2.3 The Sales Agreement is the entire agreement between us and supersedes any and all prior agreements, understandings, arrangements, and statements (oral or written, express or implied) relating to the sale of the product.
2.4 We both agree that in entering the Sales Agreement we do not rely on, and shall have no rights or remedies in respect of, any representation, warranty or other statement (oral or written, express or implied) that is not set out in the Sales Agreement, it being understood that nothing shall limit or exclude Our liability for fraud or fraudulent misrepresentation.
2.5 Any terms and conditions that You may purport to apply under an order or other document and that are not agreed to by Us in writing will not be binding on Us.
2.6 Any addition to or modification of the Sales Agreement must be agreed to by both of us in writing to be binding.
3.1 We retain all ownership and intellectual property rights in any quotations, illustrations, drawings, specifications and other documentation that We provide to You.
3.2 You agree not to use any such documentation for any unauthorized purpose without Our prior written permission in each case.
3.3 You agree not to disclose any such documentation that is not publicly available to any third party without Our prior written permission in each case.
3.4 You agree not to copy any such documentation without Our prior written permission in each case and to return it and any copies of it to Us immediately upon Our request.
4.1 We guarantee that Our products comply with the requirements of the relevant European Union legislation in force on the Target Delivery Date (as defined in Article 9.3).
4.2 Except as provided in Article 4.1 or otherwise stated in the Sales Agreement, We make no guarantee (express or implied) and are not responsible for ensuring that Our products comply with any legislative or other requirements.
5. Quotations, Orders, and Order Acceptances
5.1 Quotations for products are valid for acceptance by You for 10 business days from the date of issue unless a different period is stated, after which they will lapse.
5.2 Except for orders for products accepting written quotations issued by Us without any addition or modification, orders are binding on Us only if and when accepted by Us in writing.
5.3 If We have not accepted an order for products in writing within 10 business days of receipt You may revoke the order by written notice to Us, after which it will lapse.
6. Prices and Invoices
6.1 Product prices are stated in the Sales Agreement and are in Euros, unless a different currency is stated.
6.2 Product prices are exclusive of VAT and any other tax, which, if applicable, will be paid by You at the then prevailing rate.

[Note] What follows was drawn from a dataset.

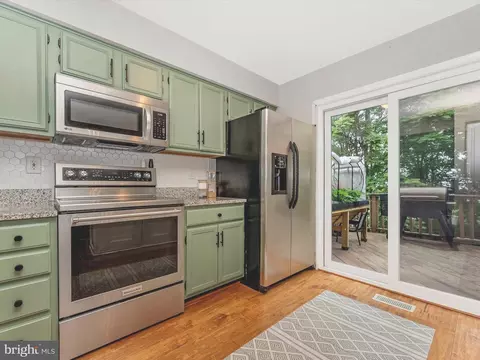 Kitchen - 6327 Towncrest Ct, Frederick, MD 21703 photo 4 of 4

6.3 Product prices cover only the products themselves and are exclusive of all costs of any nature or kind, including, without limitation, all costs of packaging and delivery.

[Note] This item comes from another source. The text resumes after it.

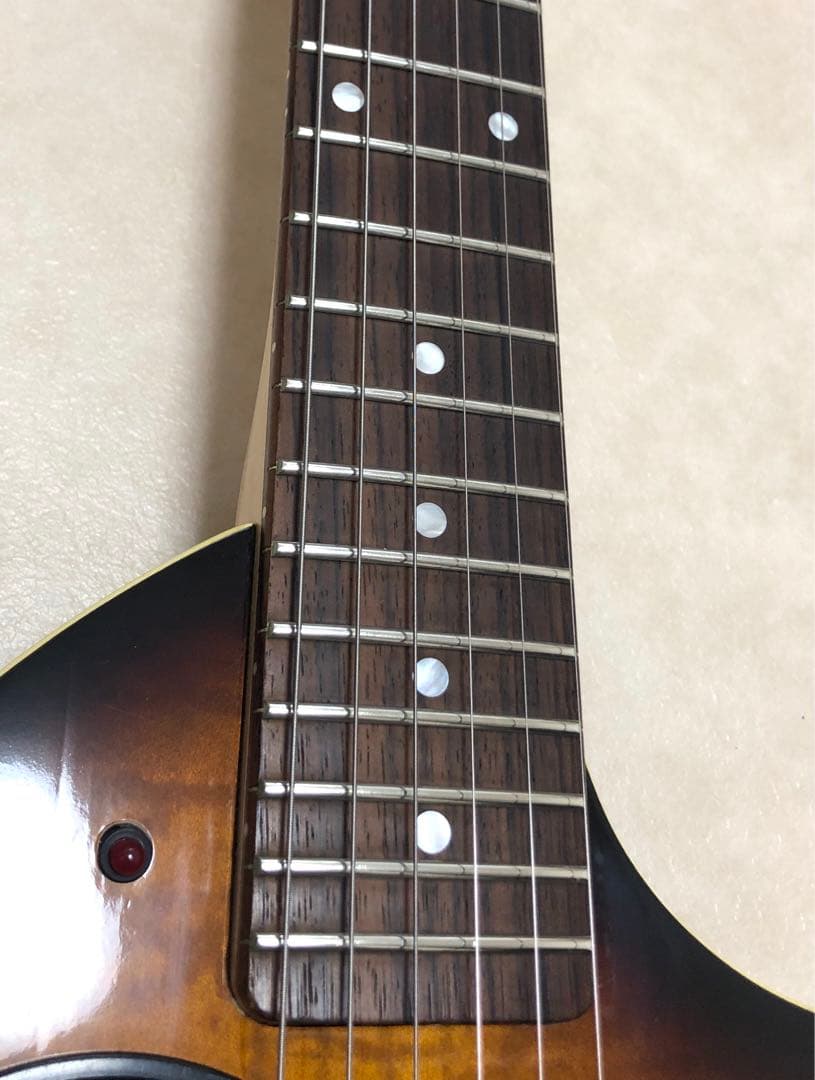 【美品】ZO-3GF 3TS アンプ内蔵ギター ディストーションSW付 ケース付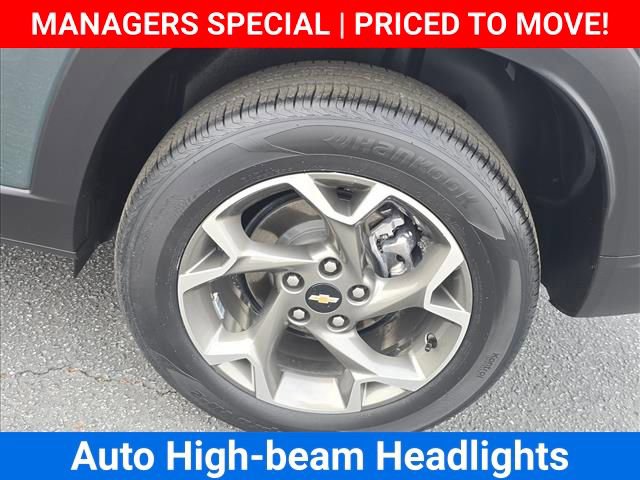 Certified 2025 Chevrolet Trax LT FWD image 17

6.4 You must notify Us of any invoice queries or disputes within 10 business days of receipt of an invoice, failing which You will be deemed to have accepted the invoice.
7. Price Increases
7.1 We may increase product prices at any time after conclusion of a Sales Agreement and up to 20 business days before the Target Delivery Date by written notice to You.
7.2 We may increase product prices under Article 7.1 to reflect any increase in Our cost of performing the Sales Agreement due to factors outside Our control.
7.3 “Factors outside Our control” in Article 7.2 mean exchange rate fluctuations and increases in taxes, duties, raw materials, freight or other delivery costs, e.g. as documented by the relevant IHS Markit or Platts SBB indexes.
7.4 If We increase product prices by more than 20 %, You may cancel the Sales Agreement by written notice to Us within 5 business days of receipt of Our written notice in Article 7.1, failing which You will be deemed to have accepted the price increase.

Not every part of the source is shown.